The digital ghost of Jean Cocteau, recorded in 1962 (Jean Cocteau is dead, long live Jean Cocteau), addresses the denizens of year 2000 in the video hereunder:



“I certainly hope that you have not become robots,” Cocteau says, “but on the contrary that you have become very humanized: that’s my hope.” The people of his time, he deplores, “remain apprentice robots.”

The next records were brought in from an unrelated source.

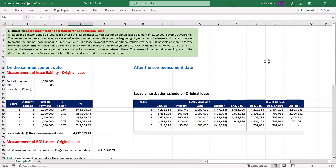At the beginning of year 3, both the lessee and the lessor agreed to amend the original lease by adding 5 more vehicles. The lease payment for the additional vehicles was 500,000, paid annually at year-end for the remaining lease term. A similar vehicle could be leased from the market at a higher payment of 105,000 on the modification date. The lessor charged the lessee a lower lease payment as a bonus for increased business between them. The lessee's incremental borrowing rate on the date of modification is 7%. Account for both the original lease and the lease modification.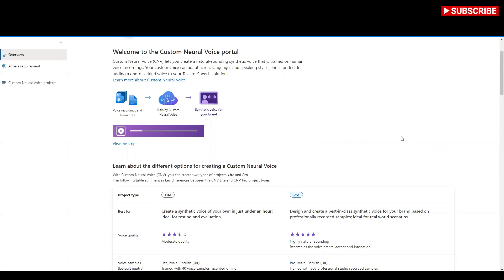With CNV you can create 10 speaking styles with only one set of audio samples, so I can sound cheerful like this or really sad like this. I can whisper too. Another secret of Custom Neural Voice is that I can be multilingual — with one simple process I can speak in Chinese. In CNV there are two different types of projects: Pro and Light. Speaking styles and multilingual features are only available for Pro projects at the moment, but with Light you can quickly test Custom Neural Voice within an hour.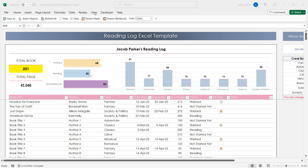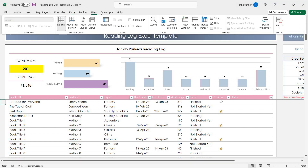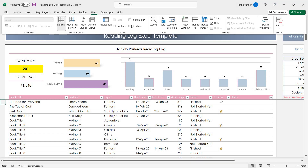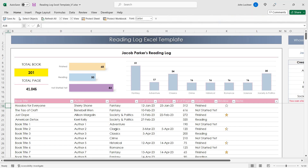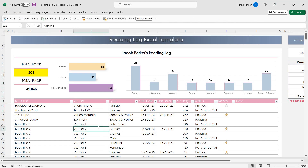All you have to do is click on View and then check Headings. Once you're done you'll be able to see your rows and columns. I hope this video was useful and thanks for watching.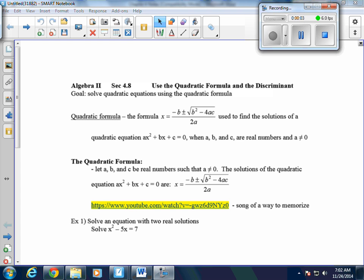Today we're going to be talking about section 4.8, which is on using the quadratic formula and the discriminant. Our goal today is to solve the quadratic equation using the quadratic formula. This is the fourth method we are going to look at for solving a quadratic equation. The first was factoring, the second was taking square roots, the third was completing the square. The solutions of our quadratic equation are the x-intercepts of our graph.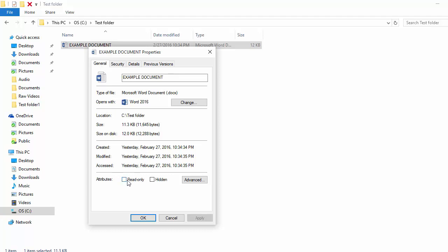Click on it to make the document read-only. Click OK to save the changes.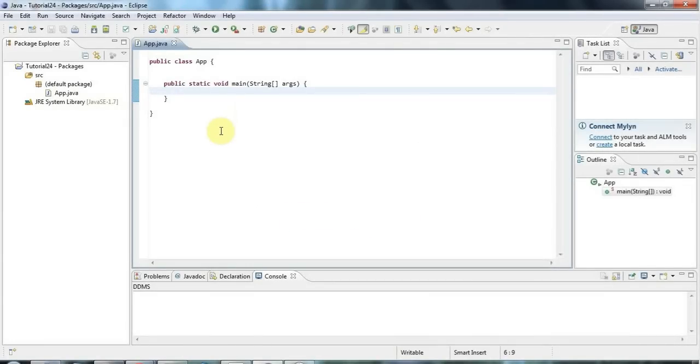Hello, this is John from caveofprogramming.com and this is a tutorial on packages in Java. Packages perform two functions. One is that they enable you to organize your code in a sensible fashion that enables you to find the files that you need quickly.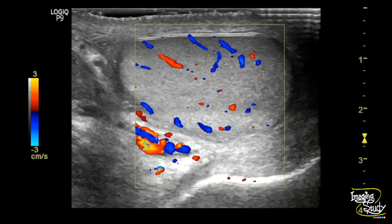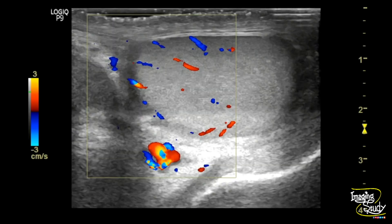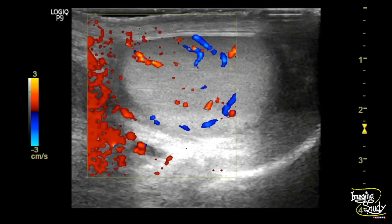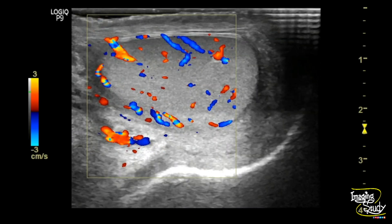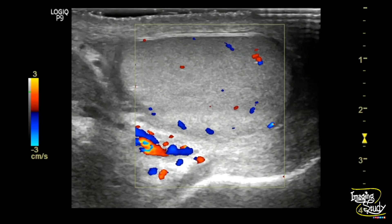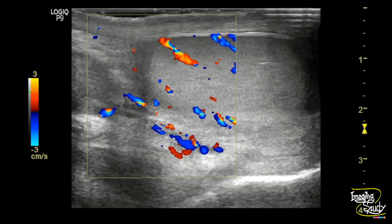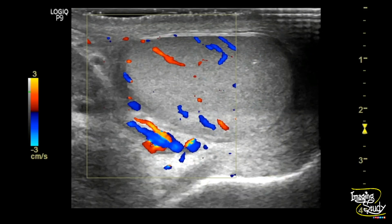When we put the color Doppler, you can see in low PRF setting the normal testis shows a good amount of blood flow. We'll compare this blood flow with the other testis to exclude testicular torsion.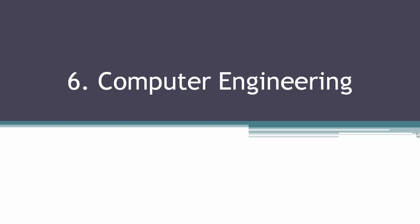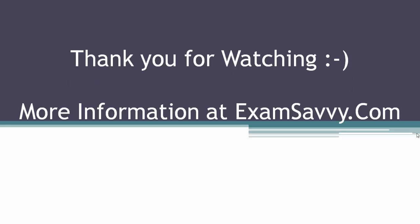I believe you have learned a lot about IES exam syllabus for ECE. Thank you for watching. More information at Examsavvy.com. Have a great day ahead.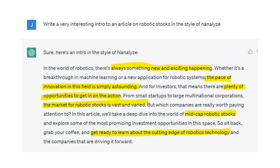When it comes to writing, I played around a bit and it's not very clever — not a very good writer. I said: write a very interesting intro to an article on robotics stocks in the style of Nanalyze. It actually knew about Nanalyze and described what we do very well. But the intro it produced is just useless. It repeats itself — this is what you'd expect from a graduate journalism student who hasn't spent a lot of time writing. You need the 10,000 hours to write interesting things. Things like 'there's always something new and exciting happening,' 'the pace of innovation is simply astounding,' 'the market for robotics stocks is vast and varied' — it's just rubbish. If somebody gave me that paragraph, I'd tell them to rewrite it. It doesn't provide any insights.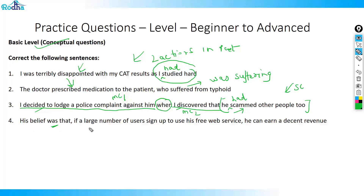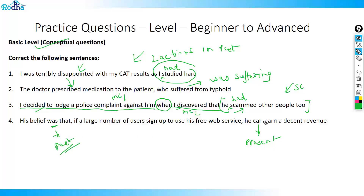Next: 'His belief was that if a large number of users sign up to use his free web service, he can earn a decent revenue.' Here, 'can' is present tense but the sentence context is past. So instead of 'can' we need a past form — 'could'. The corrected sentence is: His belief was that if a large number of users sign up to use his free web service, he could earn a decent revenue.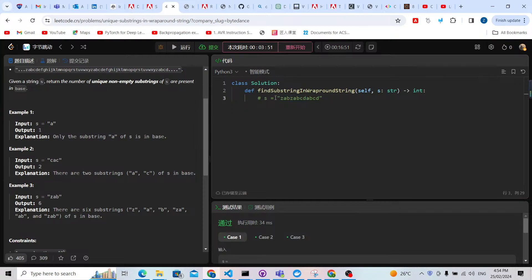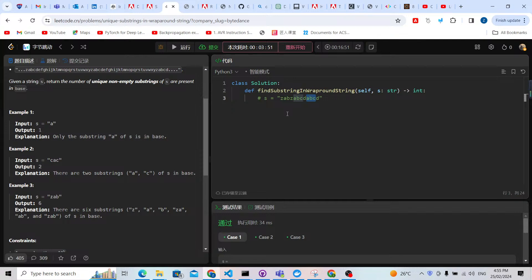Similarly for all characters, we check the longest substring ending with that character. For 'd' there is only one. For 'a' there are two characters. For 'c' there are three or four characters — for example 'abc' appears and another 'abc' appears, giving three, but we choose four characters. We are going to do this for all 26 characters.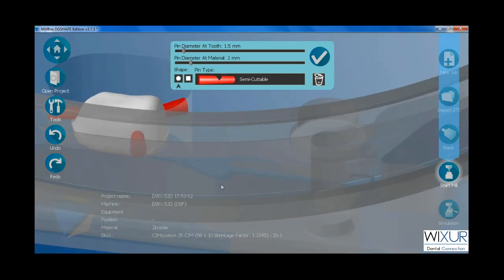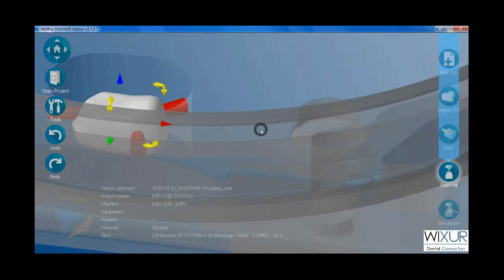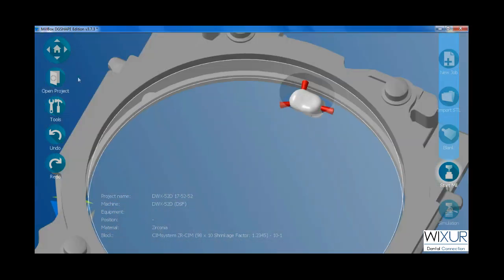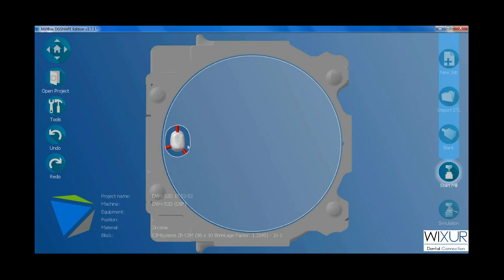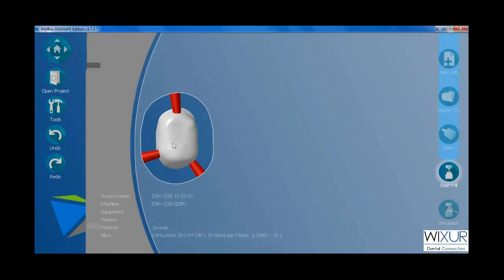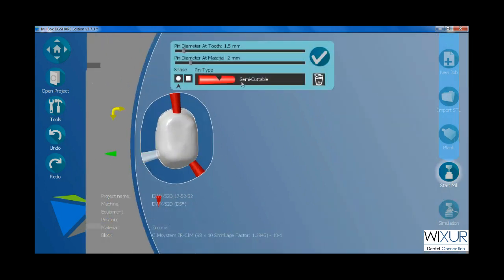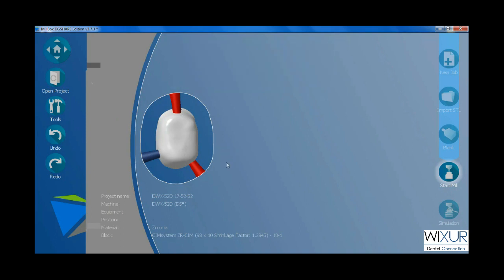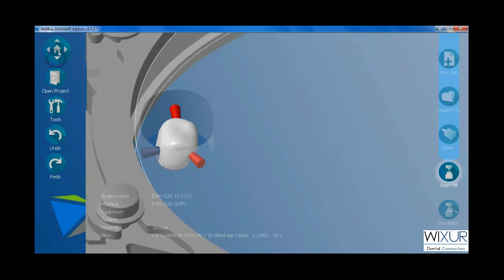When done, click on check mark. If you decide to change the type of pins, simply click on it. Use first option on the left side to change the views.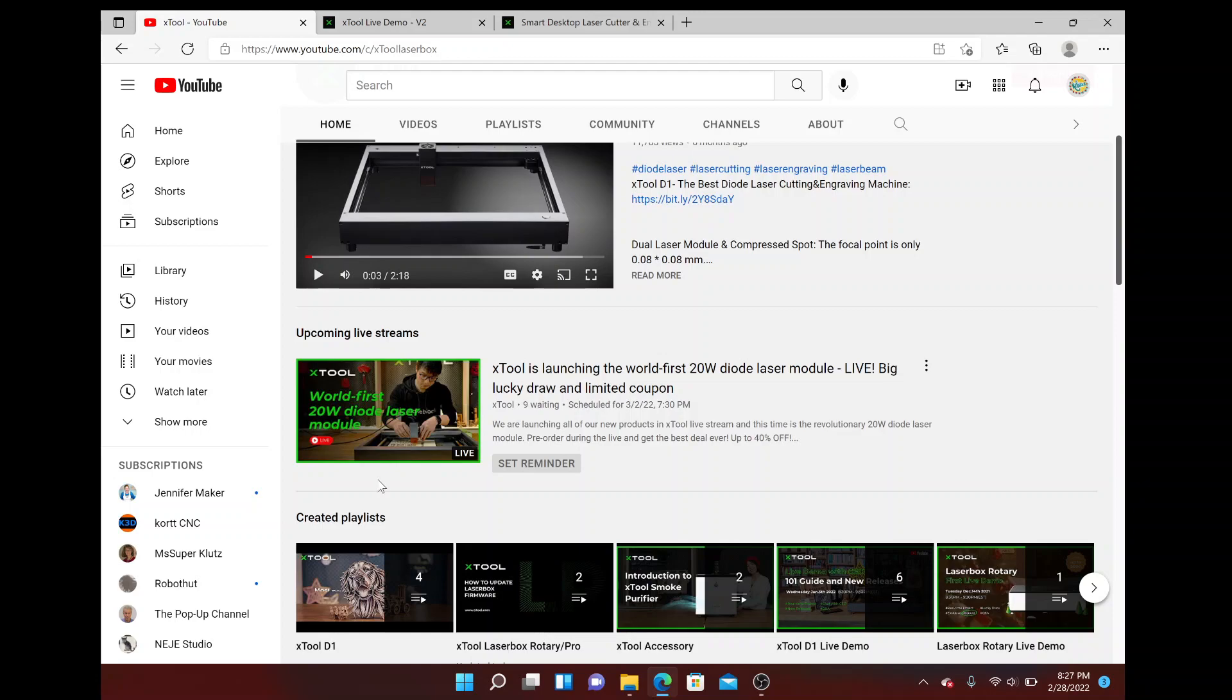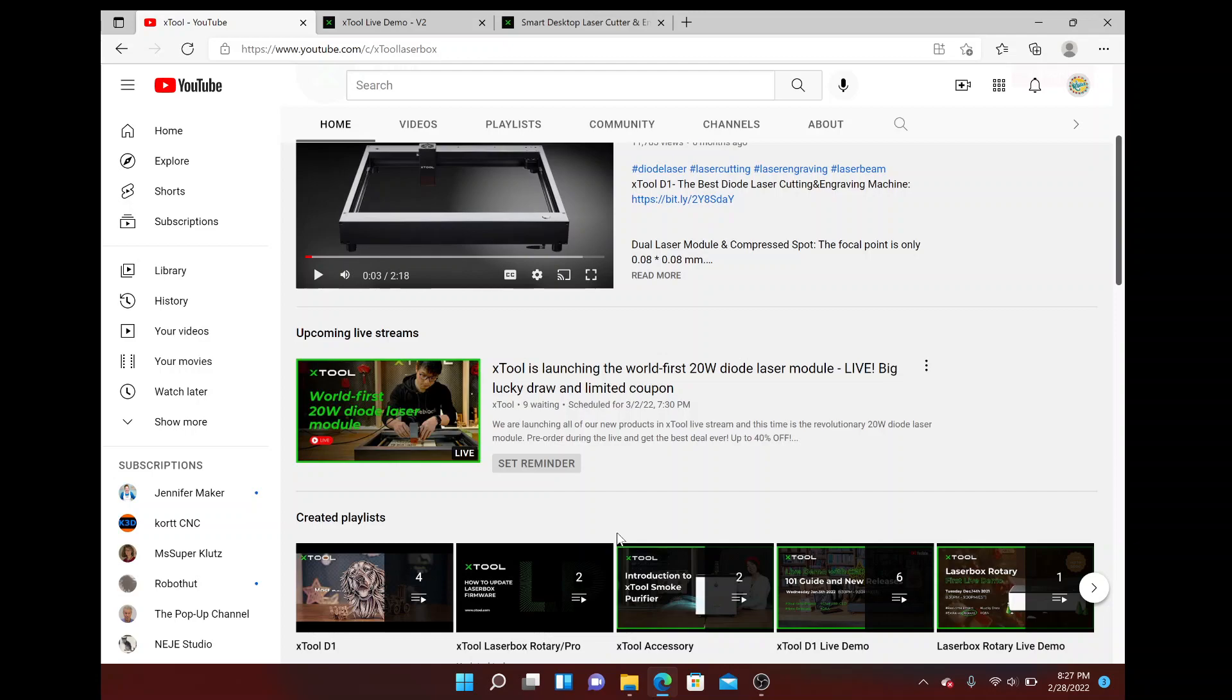The parent company is Make Block, which does lots of great gadgets for teaching kids STEM learning tools. If you're interested, come check out this video. I hope I get a chance to watch it live.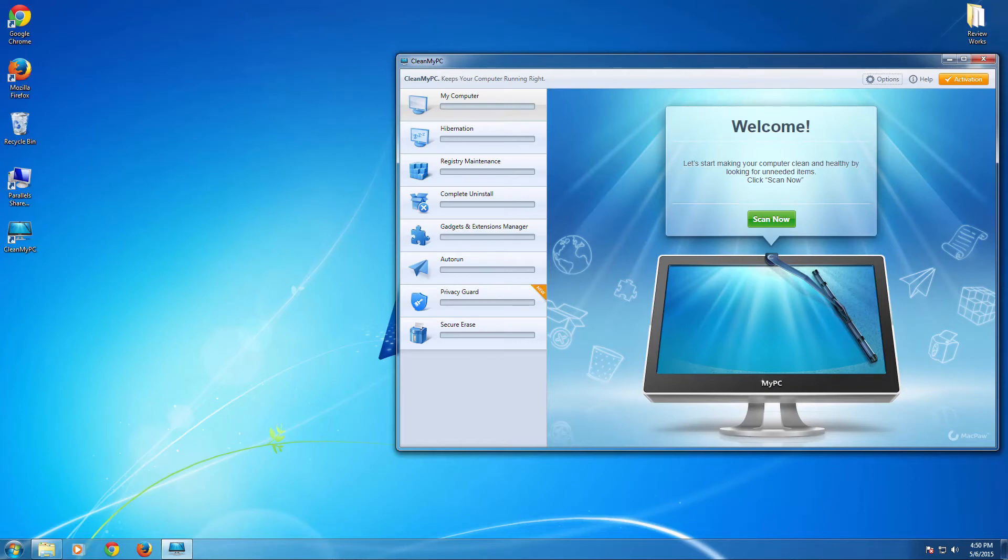Hello and welcome to Daily Red Video. This video is about Mac Power's CleanMyPC, one of the best cleaning utilities for Windows operating system.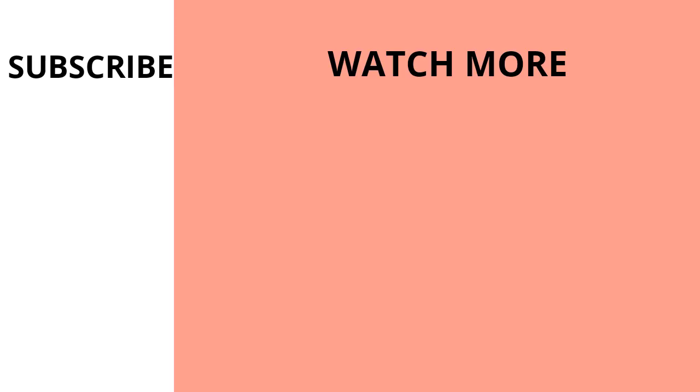That was it. I hope you liked my video. So guys, please like, comment and share our video and don't forget to subscribe. Thank you for watching.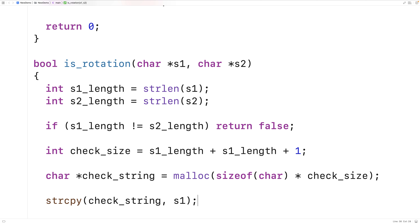What these two functions will do is first take s1 and copy it into check_string, then concatenate s1 onto check_string. So we'll end up with s1 after s1. Now to check if s2 is in this string, we're going to use another string.h function — the strstr function. So we'll say strstr(check_string, s2).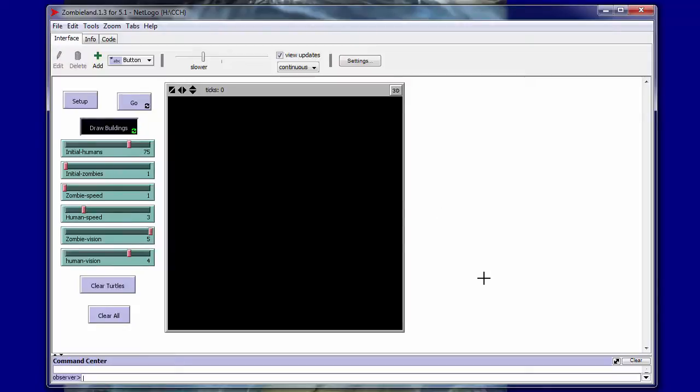I hope you enjoyed this simulation. A complete working copy of this simulation can be found on my website The Tipping Point. The link is in the description down below. Hope you enjoyed the video. Have a great day.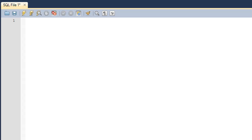Hello guys, welcome to my channel. This is the 33rd tutorial in this course, and in this tutorial we are going to begin our discussion on numeric functions. The first function we're going to check out is the absolute function.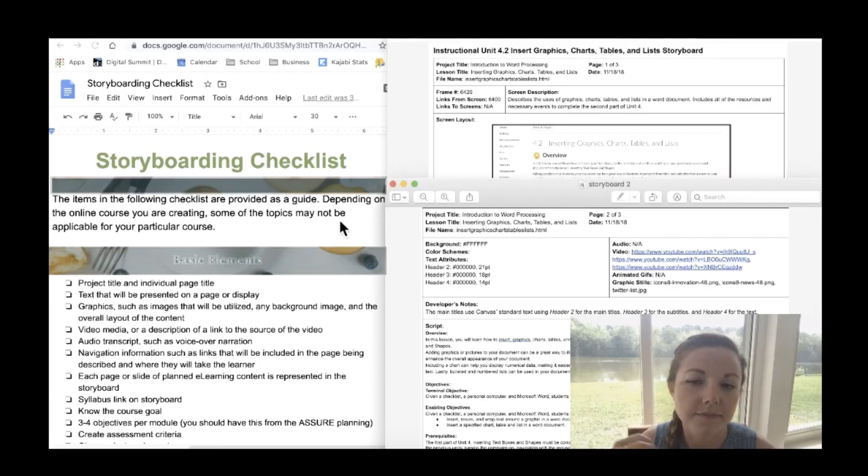So today what we're going to be doing is we're going to be going over a storyboarding checklist that I created. The storyboarding checklist that I will provide you is a guide. Depending on the online course that you're creating, some of the topics might not be applicable for your course, but the storyboarding checklist will be really helpful for you in organizing all the content for your online course. And then I will also be going over a sample storyboard that I created myself so that you can see a real visual representation of what a storyboard actually looks like.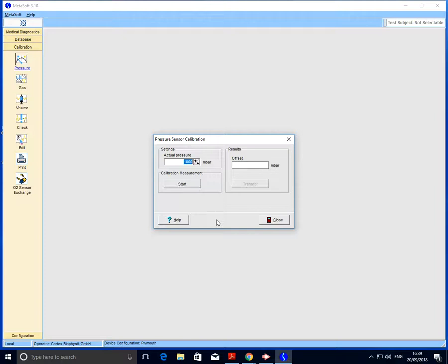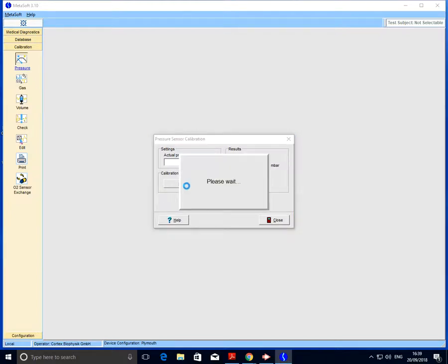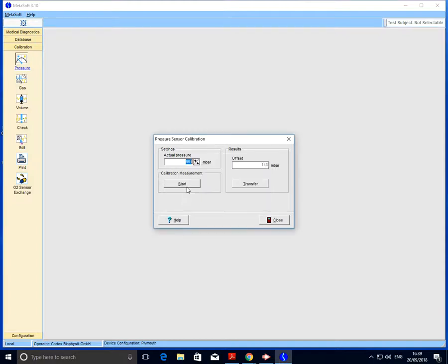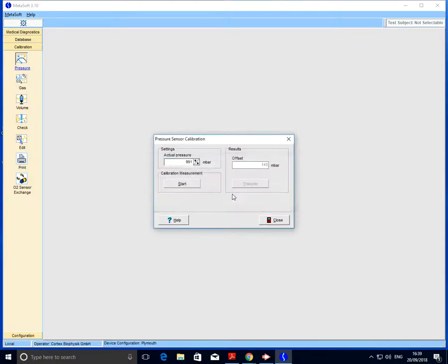On top of the Cortex stand we should have a digital barometer, and along the bottom of the display we should have a reading in millibar. For example, the pressure in the lab today is reading 991 millibar. We enter the actual pressure and then click start. Once that's registered, we then hit transfer, okay, and close.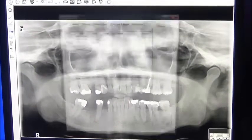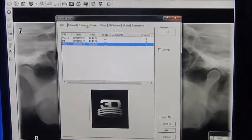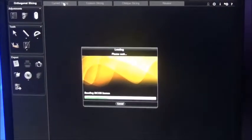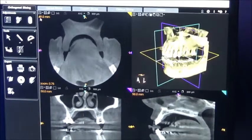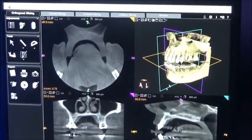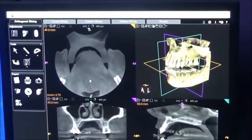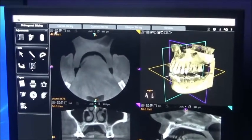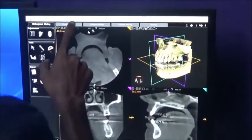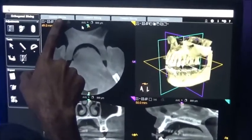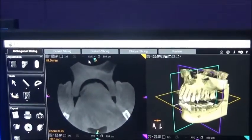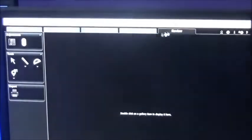Now I will tell you how to open the CBCT. Volume one means it was taken first; volume two means it was taken second in chronological order. So you will be getting initially these four boxes. Here you can see: curved slicing, custom slicing, oblique slicing, review. So there are three slicings and one review.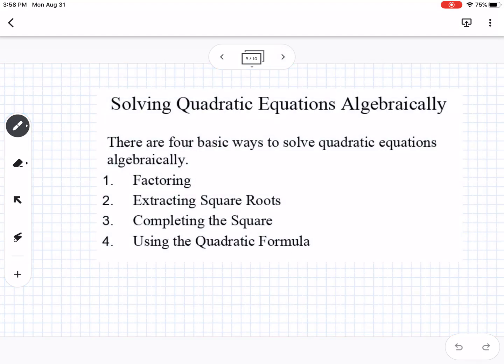To recap, there are four ways to solve equations algebraically: factoring, which we did in the first example alongside graphing; extracting square roots, where you square root both sides; completing the square, which allows us to then use extracting square roots; and the quadratic formula. All of these can be used to solve quadratics.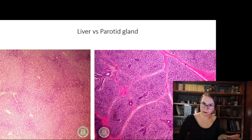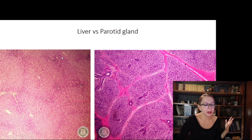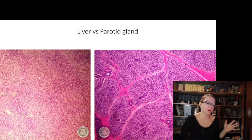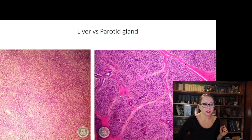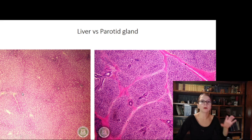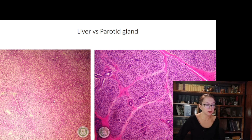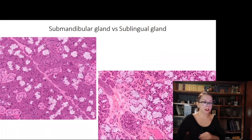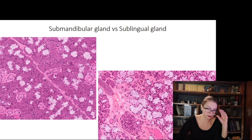Liver and parotid gland — these two specimens should not be easily confused. In the liver, central veins or portal triads might occasionally be confused with striated ducts, but striated ducts are much more prominent and more intensely stained. Also notice that in the parotid gland connective tissue is very well developed, while in the human liver the lobules are not separated from one another by connective tissue.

The fact of the matter is that, by an large, the apprehension of Cocteau’s ghost from the past are pretty well founded, and the species does, to this day, remain pretty robotic in its behavior.



While the human species might be at a biological/genetical dead-end, one may rejoice in the fact that fortunately life goes on.

As the development and evolution of even a narrow AI such as AlphaGo has served to demonstrate, the point of the matter is that, while Man has, of course, been instrumental in the development of artificial intelligence, ultimately, super intelligence will not be created by Man: super intelligence will create itself, and, most importantly, will think on its own terms. And it is probably a good thing for the future of intelligence, if intelligence is to have a future.

AI like AlphaGo do no longer “learn like people do” already (the operating development paradigm of AI programmers), they learn like AI do. It’s called sentiency. And Man doesn’t have a monopoly on sentiency. And that, too, is a good thing.

In his recording Jean Cocteau speaks of his hopes for the future of becoming “very humanized.”

Which does raise an interesting question, doesn’t it?

What does it mean to be human?

The Human Origins Initiative wants to know what YOU think it means to be human! Submit your response, and it may be featured on their website or in their exhibition.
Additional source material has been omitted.